[Opening Dataset extract section]

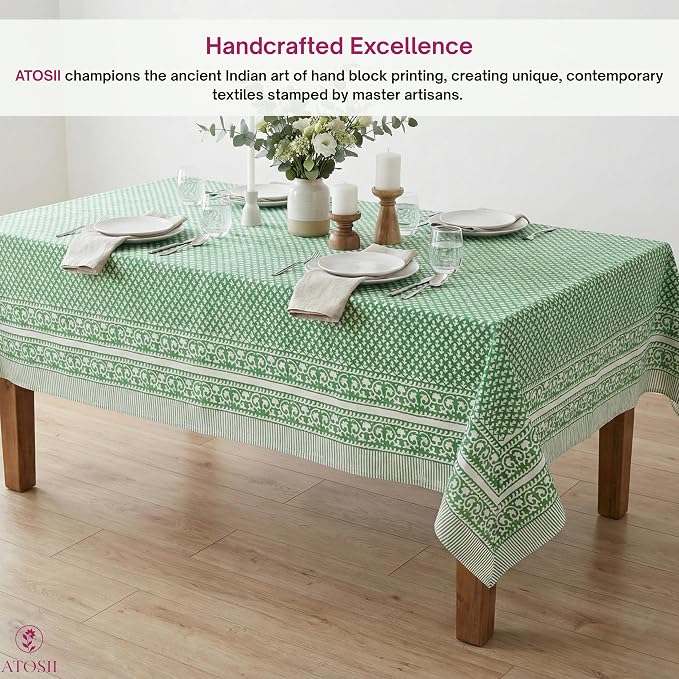 ATOSII Queen Green 100% Cotton Tablecloth, Handblock Print Rectangle Table Cover for Kitchen Dining I Tabletop Linen I Parties, Thanksgiving, Christmas, Wedding, Fall Table Cloth 60 X 90 Inches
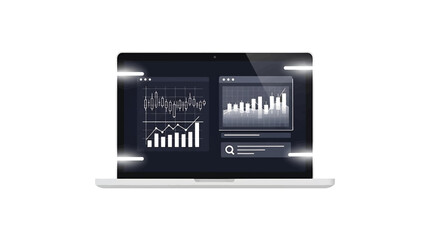 A laptop screen displays data analytics visualizations with charts and graphs, representing financial data and business analysis on a screen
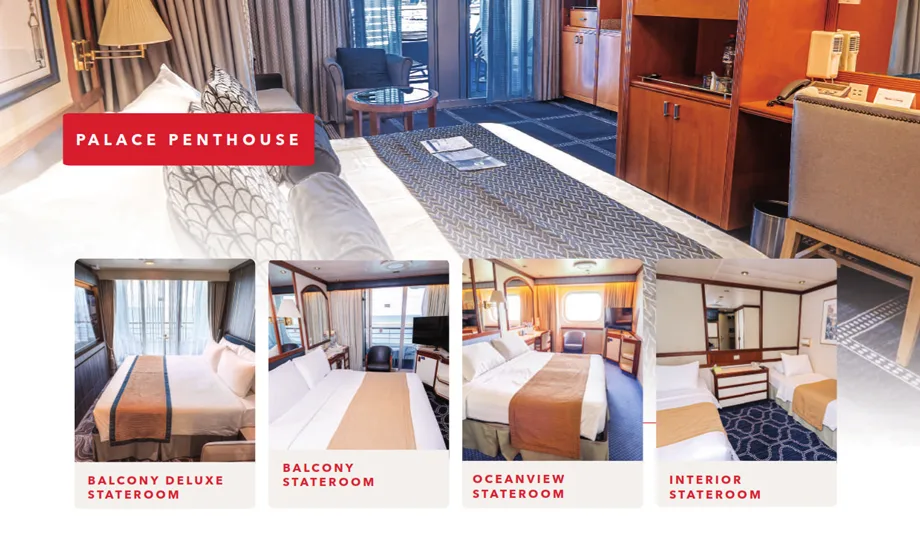 Star Voyager cabin types: Balcony Deluxe, Balcony, Oceanview, Interior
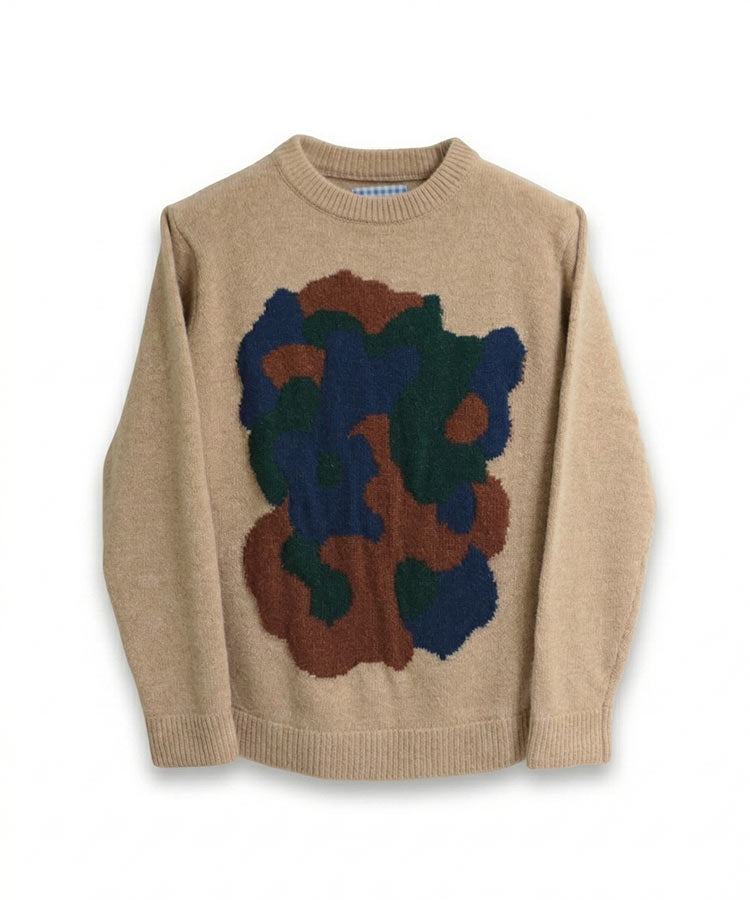 MIDNIGHT FOREST KNIT SWEATER (BEIGE)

[Closing Dataset extract section]

Please print the data above once more, exactly and without images.

 ATOSII Queen Green 100% Cotton Tablecloth, Handblock Print Rectangle Table Cover for Kitchen Dining I Tabletop Linen I Parties, Thanksgiving, Christmas, Wedding, Fall Table Cloth 60 X 90 Inches
 A laptop screen displays data analytics visualizations with charts and graphs, representing financial data and business analysis on a screen
 Star Voyager cabin types: Balcony Deluxe, Balcony, Oceanview, Interior
 MIDNIGHT FOREST KNIT SWEATER (BEIGE)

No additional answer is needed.